--- AVAILABLE DATA Enclosed Below ---

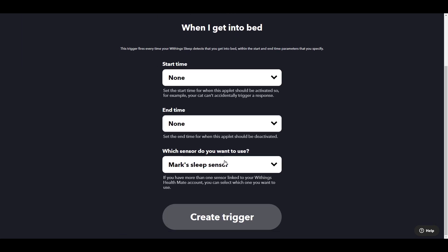Which sleep sensor to use? I've only got the one, so that's the Withings Sleep Sensor that I've set up. And that's your trigger.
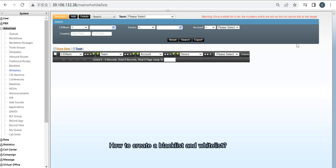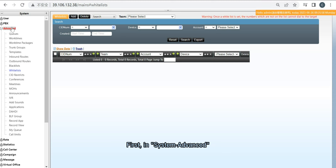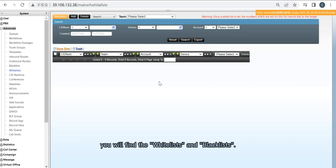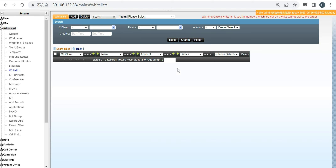How to create a blacklist and whitelist? First, in System Advance, you will find the whitelist and blacklist.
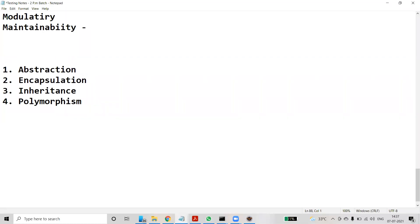Object-oriented programming concepts. Java supports abstraction, encapsulation, inheritance, and polymorphism. These are the main concepts Java supports. The very first concept is abstraction — what is abstraction?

--- End of Enclosed AVAILABLE DATA ---

# ASSIGNMENT
The reply should contain every line of the material exactly, and no images.

# TASK RESULT
Which sleep sensor to use? I've only got the one, so that's the Withings Sleep Sensor that I've set up. And that's your trigger.
How to create a blacklist and whitelist? First, in System Advance, you will find the whitelist and blacklist.
Object-oriented programming concepts. Java supports abstraction, encapsulation, inheritance, and polymorphism. These are the main concepts Java supports. The very first concept is abstraction — what is abstraction?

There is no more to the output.